Eksozomlar, nano‑boyutta (30‑150 nm) partiküller olup, pek çok hücre tarafından salgılanır ve hücreler arası iletişimi sağlar. Prof. Dr. Yıldırım eksozomları “hücreler arası iletişimi sağlayan küçük paketler” şeklinde tanımlayarak, bu mikroskobik yapıların hücre fonksiyonlarını düzenlemede kritik bir rol oynadığını vurguladı.

Medipol Mega Üniversite Hastanesi’nden Kadın Hastalıkları ve Doğum Uzmanı Prof.
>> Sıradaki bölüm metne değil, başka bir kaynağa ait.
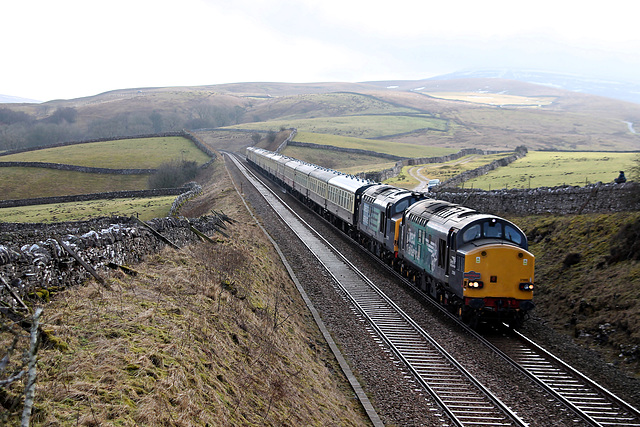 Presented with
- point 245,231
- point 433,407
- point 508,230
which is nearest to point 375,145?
point 245,231

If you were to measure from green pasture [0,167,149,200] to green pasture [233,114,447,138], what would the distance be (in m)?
78.7

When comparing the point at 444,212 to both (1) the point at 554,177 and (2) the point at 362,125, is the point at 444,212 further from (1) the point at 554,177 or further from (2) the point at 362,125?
(2) the point at 362,125

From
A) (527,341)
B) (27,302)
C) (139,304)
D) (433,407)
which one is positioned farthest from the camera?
(527,341)

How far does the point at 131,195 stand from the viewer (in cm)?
5356

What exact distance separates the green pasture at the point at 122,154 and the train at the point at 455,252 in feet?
178

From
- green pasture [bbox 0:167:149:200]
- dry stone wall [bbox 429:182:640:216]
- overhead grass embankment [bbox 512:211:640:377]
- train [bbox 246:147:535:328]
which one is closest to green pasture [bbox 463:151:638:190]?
dry stone wall [bbox 429:182:640:216]

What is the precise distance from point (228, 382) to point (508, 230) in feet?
38.9

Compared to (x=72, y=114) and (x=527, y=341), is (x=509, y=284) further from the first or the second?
(x=72, y=114)

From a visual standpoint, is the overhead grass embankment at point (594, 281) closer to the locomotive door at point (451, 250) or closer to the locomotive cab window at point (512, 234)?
the locomotive cab window at point (512, 234)

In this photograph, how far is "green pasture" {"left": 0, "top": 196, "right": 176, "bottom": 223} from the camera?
3784 cm

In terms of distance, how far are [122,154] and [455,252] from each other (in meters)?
74.2

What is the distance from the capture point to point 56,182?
204 feet

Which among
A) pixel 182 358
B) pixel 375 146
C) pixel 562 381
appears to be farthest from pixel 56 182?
pixel 375 146

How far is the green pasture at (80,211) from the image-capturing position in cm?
3784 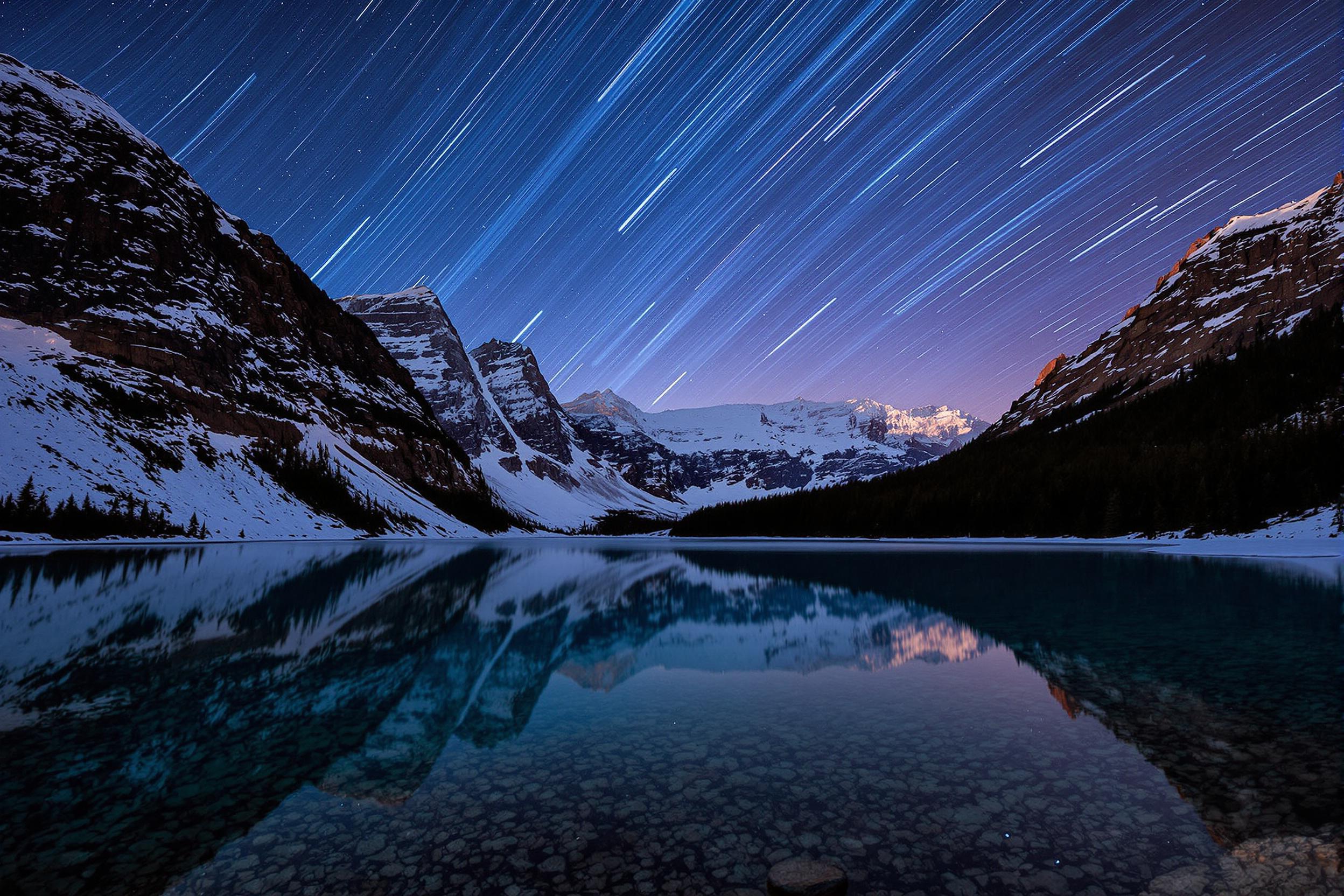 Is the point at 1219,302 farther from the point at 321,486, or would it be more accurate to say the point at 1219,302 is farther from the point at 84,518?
the point at 84,518

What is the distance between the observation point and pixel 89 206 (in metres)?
118

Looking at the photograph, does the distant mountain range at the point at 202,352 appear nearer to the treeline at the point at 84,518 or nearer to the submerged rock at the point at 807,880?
the treeline at the point at 84,518

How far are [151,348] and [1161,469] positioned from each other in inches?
6026

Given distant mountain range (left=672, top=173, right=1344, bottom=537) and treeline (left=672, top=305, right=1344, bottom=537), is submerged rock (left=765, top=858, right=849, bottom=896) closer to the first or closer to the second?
distant mountain range (left=672, top=173, right=1344, bottom=537)

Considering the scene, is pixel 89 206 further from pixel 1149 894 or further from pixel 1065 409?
pixel 1065 409

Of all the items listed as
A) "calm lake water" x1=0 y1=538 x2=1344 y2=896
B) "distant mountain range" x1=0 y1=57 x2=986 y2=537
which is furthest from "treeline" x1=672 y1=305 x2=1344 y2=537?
"distant mountain range" x1=0 y1=57 x2=986 y2=537

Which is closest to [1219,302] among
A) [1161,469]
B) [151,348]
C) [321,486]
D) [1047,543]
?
[1161,469]

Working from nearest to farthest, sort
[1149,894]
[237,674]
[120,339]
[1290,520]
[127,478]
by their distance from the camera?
[1149,894] < [237,674] < [1290,520] < [127,478] < [120,339]

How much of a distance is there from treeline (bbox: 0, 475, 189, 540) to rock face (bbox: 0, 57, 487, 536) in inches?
93.4

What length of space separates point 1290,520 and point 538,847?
76.1 m

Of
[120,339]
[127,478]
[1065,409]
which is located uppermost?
[120,339]

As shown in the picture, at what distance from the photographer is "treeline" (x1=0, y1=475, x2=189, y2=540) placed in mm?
60625

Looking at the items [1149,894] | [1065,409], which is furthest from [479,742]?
[1065,409]

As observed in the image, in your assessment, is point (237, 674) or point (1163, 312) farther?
point (1163, 312) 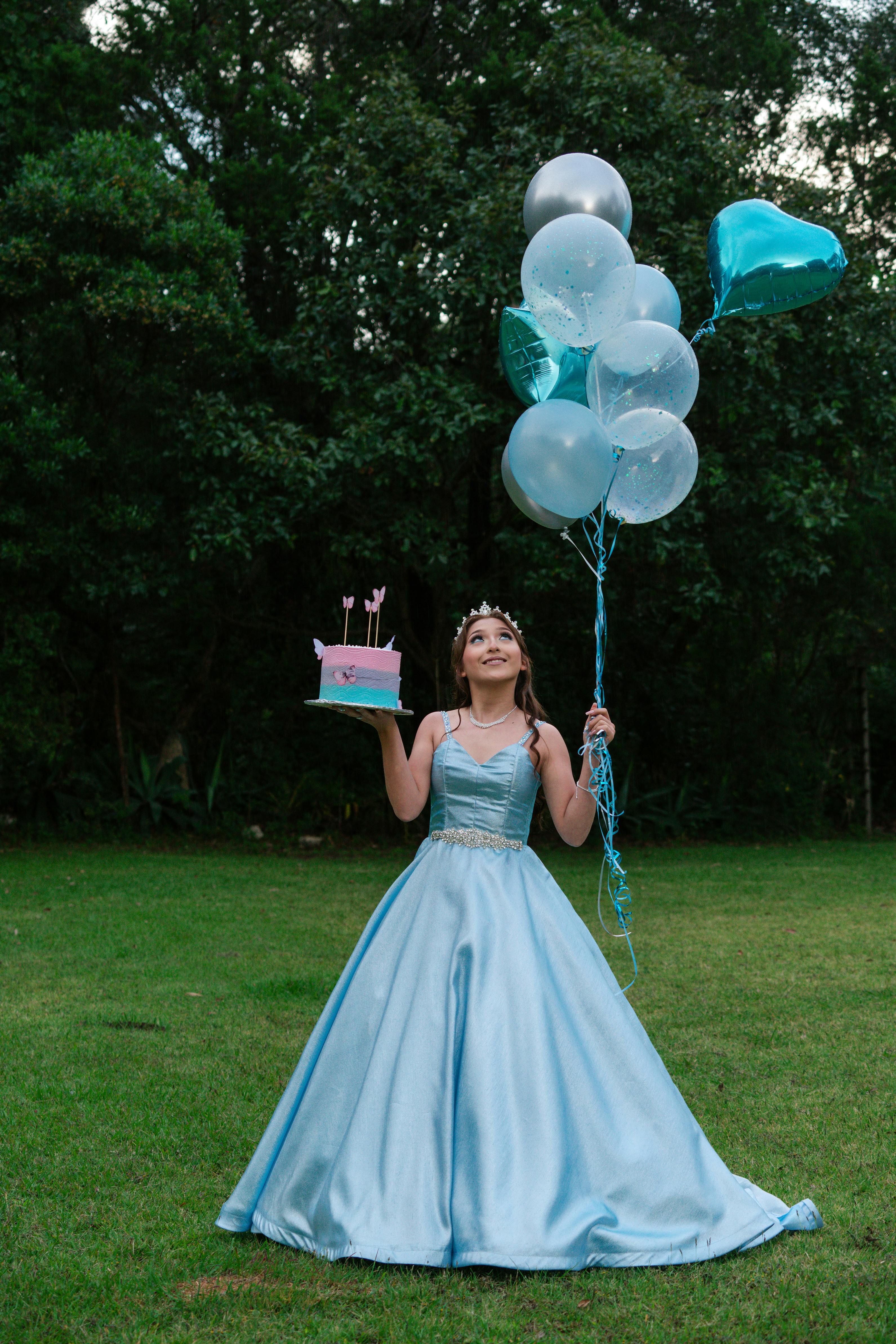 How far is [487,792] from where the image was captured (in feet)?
11.4

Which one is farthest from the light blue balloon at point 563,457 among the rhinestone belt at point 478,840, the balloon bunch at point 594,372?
the rhinestone belt at point 478,840

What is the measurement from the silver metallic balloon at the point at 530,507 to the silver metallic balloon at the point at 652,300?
0.59 meters

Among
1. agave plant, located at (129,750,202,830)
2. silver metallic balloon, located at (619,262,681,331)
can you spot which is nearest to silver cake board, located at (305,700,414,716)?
silver metallic balloon, located at (619,262,681,331)

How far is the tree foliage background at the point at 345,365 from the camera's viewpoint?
10055mm

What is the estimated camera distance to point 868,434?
11047 millimetres

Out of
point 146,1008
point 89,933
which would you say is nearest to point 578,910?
point 89,933

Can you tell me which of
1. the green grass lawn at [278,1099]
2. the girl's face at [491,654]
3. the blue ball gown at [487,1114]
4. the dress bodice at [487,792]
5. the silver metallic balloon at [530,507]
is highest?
the silver metallic balloon at [530,507]

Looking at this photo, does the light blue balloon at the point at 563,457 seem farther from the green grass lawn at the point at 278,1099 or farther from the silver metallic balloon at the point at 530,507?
the green grass lawn at the point at 278,1099

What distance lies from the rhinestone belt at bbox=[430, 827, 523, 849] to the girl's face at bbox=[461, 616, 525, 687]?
43 centimetres

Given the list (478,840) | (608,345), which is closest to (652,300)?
(608,345)

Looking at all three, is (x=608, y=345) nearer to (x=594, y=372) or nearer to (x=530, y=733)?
(x=594, y=372)

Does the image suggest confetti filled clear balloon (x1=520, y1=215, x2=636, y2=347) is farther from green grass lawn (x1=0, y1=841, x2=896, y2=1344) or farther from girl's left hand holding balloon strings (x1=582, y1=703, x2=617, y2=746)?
green grass lawn (x1=0, y1=841, x2=896, y2=1344)

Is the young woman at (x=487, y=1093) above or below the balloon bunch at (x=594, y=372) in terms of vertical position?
below

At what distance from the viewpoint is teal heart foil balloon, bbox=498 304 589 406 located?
4.07m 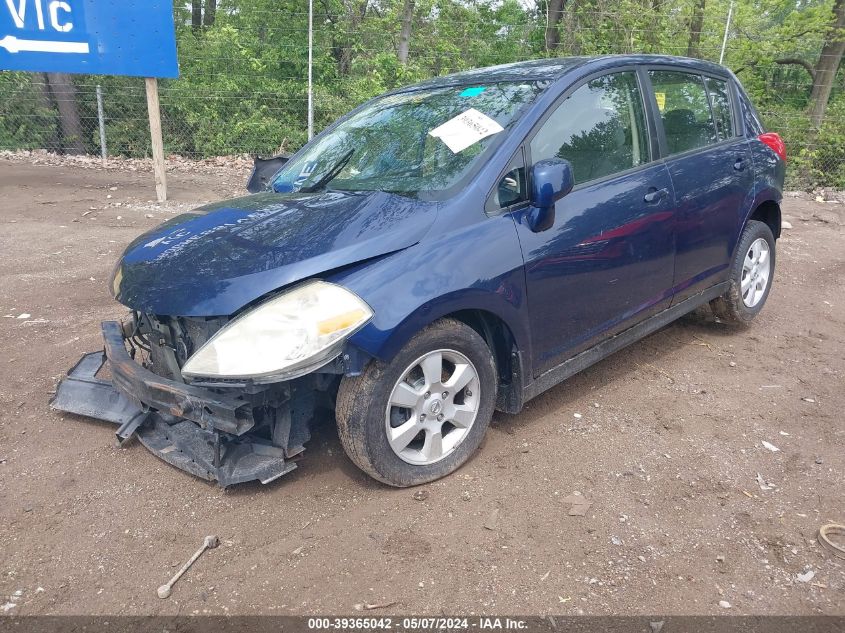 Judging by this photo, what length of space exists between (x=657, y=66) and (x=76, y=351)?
4.25 m

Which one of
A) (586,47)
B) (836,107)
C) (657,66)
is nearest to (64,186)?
(657,66)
Dr. Gonca Yetkin Yıldırım, eksozomları yumurtalık dokusuna ve rahim içi endometriuma uyguladıklarını açıkladı. Özellikle düşük over rezervi olan, erken menopoz riski taşıyan ve tekrarlayan implantasyon başarısızlığı yaşayan hastalarda olumlu sonuçlar gözlemlendiğini belirtti.
“Eksozom tedavisi, daha önce tüp bebek denemelerinde başarısız olan hastalar için yeni bir umut kapısı açıyor.” diyerek, bu yaklaşımın deneysel aşamada olduğunu, ancak klinik deneyimlerin olumlu geri dönüşler sağladığını vurguladı.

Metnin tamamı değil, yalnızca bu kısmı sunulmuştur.